## Records provided
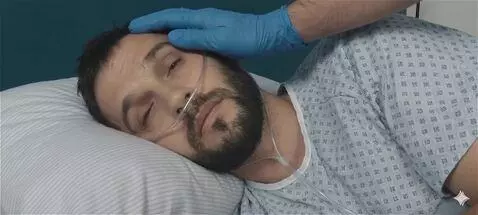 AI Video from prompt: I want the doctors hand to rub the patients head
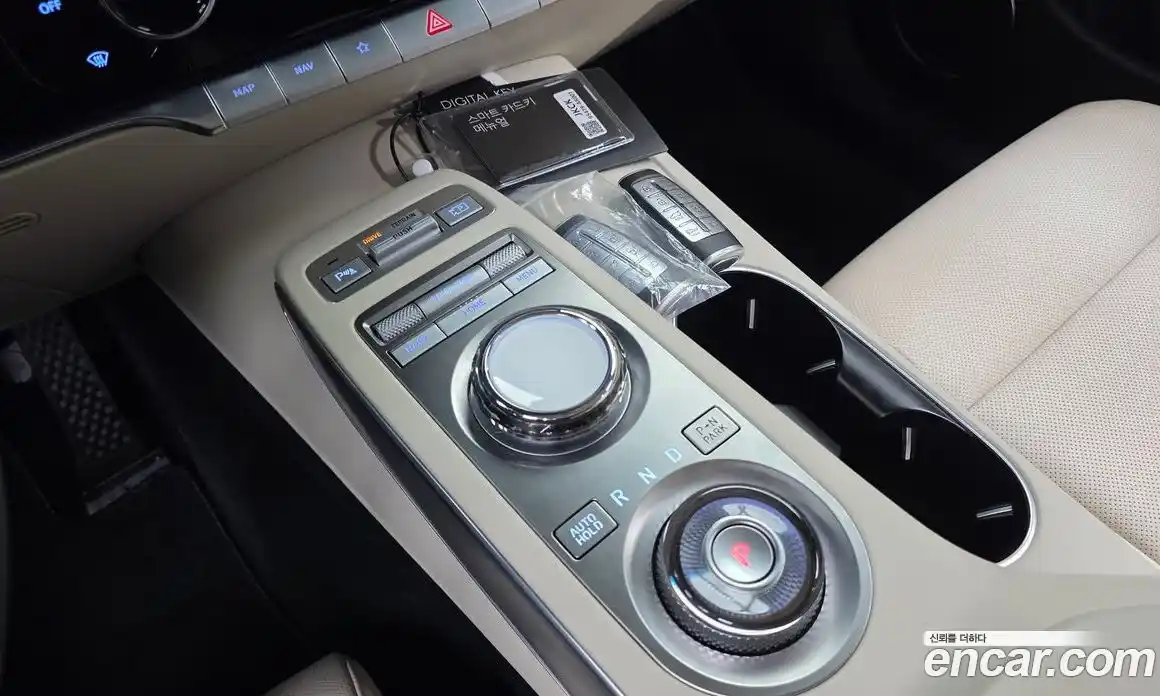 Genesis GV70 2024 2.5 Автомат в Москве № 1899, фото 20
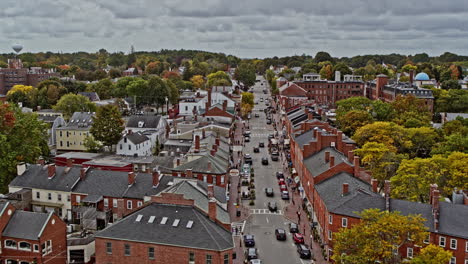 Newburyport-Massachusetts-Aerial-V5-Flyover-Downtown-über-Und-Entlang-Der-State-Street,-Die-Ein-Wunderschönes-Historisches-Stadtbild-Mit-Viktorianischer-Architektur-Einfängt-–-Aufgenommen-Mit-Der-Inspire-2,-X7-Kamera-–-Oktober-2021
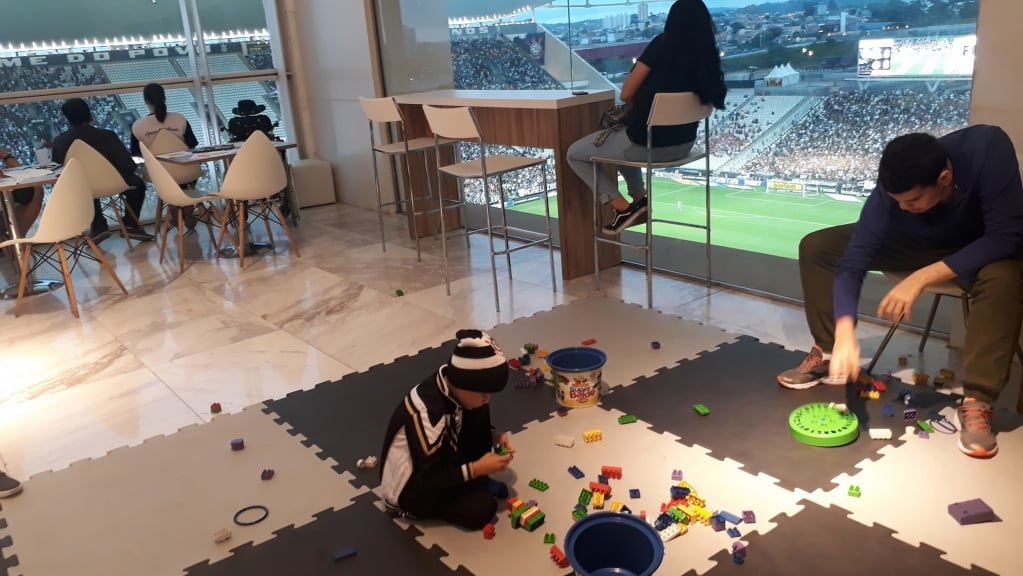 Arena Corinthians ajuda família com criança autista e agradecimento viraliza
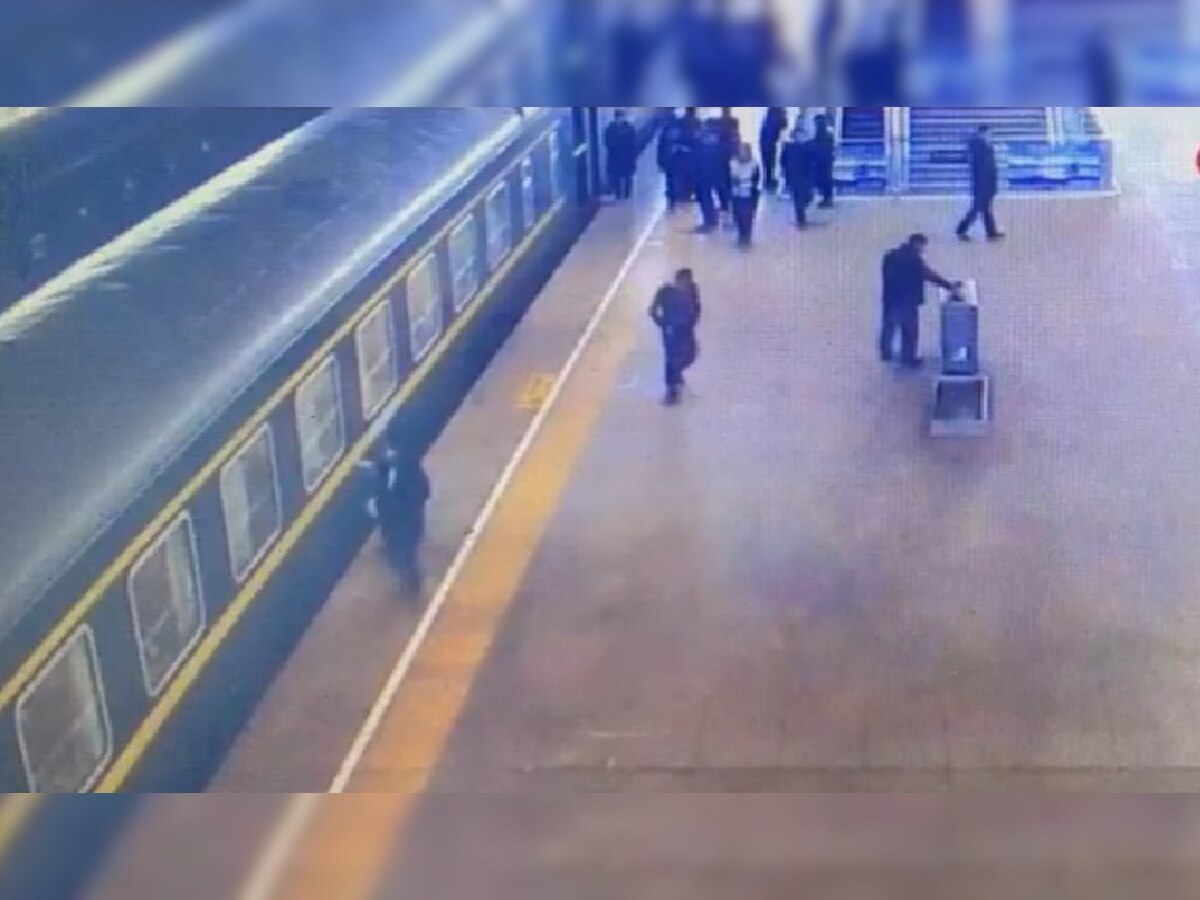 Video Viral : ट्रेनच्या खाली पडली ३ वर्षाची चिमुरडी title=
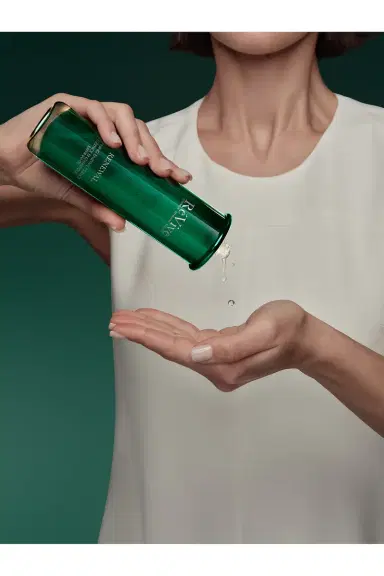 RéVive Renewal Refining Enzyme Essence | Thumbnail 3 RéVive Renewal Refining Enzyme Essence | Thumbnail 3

## Problem details
Only the lines from the one with "Video Viral : ट्रेनच्या" through the last line of the listing belong in your answer; copy them exactly and skip the pictures.

## Written solution
 Video Viral : ट्रेनच्या खाली पडली ३ वर्षाची चिमुरडी title=
 RéVive Renewal Refining Enzyme Essence | Thumbnail 3 RéVive Renewal Refining Enzyme Essence | Thumbnail 3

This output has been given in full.